YOUR GOAL> The lines from the start of the records through the one containing "Oversized Scarf In" are to be transcribed exactly, and nothing else.

====== TASK DATA ======

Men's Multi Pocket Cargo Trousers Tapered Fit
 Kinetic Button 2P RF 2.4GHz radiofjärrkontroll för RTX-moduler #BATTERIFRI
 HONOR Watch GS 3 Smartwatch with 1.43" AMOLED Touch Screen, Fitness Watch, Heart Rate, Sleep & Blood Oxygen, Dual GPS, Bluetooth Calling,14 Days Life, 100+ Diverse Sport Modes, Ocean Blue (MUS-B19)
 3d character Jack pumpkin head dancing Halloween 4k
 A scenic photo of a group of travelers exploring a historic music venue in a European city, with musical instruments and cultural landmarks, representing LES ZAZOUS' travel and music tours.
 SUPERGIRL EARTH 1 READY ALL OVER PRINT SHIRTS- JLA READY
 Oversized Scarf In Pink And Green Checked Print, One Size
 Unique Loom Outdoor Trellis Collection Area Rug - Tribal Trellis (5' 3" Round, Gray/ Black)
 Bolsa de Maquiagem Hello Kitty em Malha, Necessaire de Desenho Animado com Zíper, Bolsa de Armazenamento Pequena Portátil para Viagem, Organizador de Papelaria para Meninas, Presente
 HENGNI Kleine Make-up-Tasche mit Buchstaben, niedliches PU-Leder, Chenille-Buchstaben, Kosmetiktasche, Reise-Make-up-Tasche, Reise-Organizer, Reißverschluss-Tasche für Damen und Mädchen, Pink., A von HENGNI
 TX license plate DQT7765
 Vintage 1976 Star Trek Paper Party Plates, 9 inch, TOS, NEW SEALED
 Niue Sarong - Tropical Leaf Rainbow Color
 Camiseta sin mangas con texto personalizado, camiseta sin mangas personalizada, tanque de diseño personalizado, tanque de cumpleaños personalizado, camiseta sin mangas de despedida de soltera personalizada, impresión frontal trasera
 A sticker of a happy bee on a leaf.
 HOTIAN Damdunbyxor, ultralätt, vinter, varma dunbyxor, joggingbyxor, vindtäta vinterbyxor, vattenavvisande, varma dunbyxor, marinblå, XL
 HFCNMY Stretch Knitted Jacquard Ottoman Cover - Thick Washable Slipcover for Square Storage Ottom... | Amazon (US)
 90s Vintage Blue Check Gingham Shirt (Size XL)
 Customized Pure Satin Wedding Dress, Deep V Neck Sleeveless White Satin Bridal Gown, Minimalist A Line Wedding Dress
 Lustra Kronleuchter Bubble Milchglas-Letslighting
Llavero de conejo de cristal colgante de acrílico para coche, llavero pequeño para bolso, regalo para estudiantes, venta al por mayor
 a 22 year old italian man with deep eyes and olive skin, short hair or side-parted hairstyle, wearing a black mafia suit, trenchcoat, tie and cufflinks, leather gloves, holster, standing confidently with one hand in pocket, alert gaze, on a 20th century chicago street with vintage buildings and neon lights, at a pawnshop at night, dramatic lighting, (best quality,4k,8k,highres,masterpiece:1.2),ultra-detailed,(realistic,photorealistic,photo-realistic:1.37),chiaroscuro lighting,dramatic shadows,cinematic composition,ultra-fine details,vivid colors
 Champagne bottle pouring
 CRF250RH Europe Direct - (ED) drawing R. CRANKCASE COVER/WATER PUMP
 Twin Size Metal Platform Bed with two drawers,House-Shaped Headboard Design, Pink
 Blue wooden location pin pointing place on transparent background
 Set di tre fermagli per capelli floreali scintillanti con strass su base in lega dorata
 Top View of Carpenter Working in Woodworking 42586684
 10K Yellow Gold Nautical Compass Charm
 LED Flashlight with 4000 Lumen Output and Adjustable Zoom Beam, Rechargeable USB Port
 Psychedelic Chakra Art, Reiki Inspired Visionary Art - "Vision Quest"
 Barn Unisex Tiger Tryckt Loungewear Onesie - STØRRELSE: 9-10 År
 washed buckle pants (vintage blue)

======

ANSWER BOX>
Men's Multi Pocket Cargo Trousers Tapered Fit
 Kinetic Button 2P RF 2.4GHz radiofjärrkontroll för RTX-moduler #BATTERIFRI
 HONOR Watch GS 3 Smartwatch with 1.43" AMOLED Touch Screen, Fitness Watch, Heart Rate, Sleep & Blood Oxygen, Dual GPS, Bluetooth Calling,14 Days Life, 100+ Diverse Sport Modes, Ocean Blue (MUS-B19)
 3d character Jack pumpkin head dancing Halloween 4k
 A scenic photo of a group of travelers exploring a historic music venue in a European city, with musical instruments and cultural landmarks, representing LES ZAZOUS' travel and music tours.
 SUPERGIRL EARTH 1 READY ALL OVER PRINT SHIRTS- JLA READY
 Oversized Scarf In Pink And Green Checked Print, One Size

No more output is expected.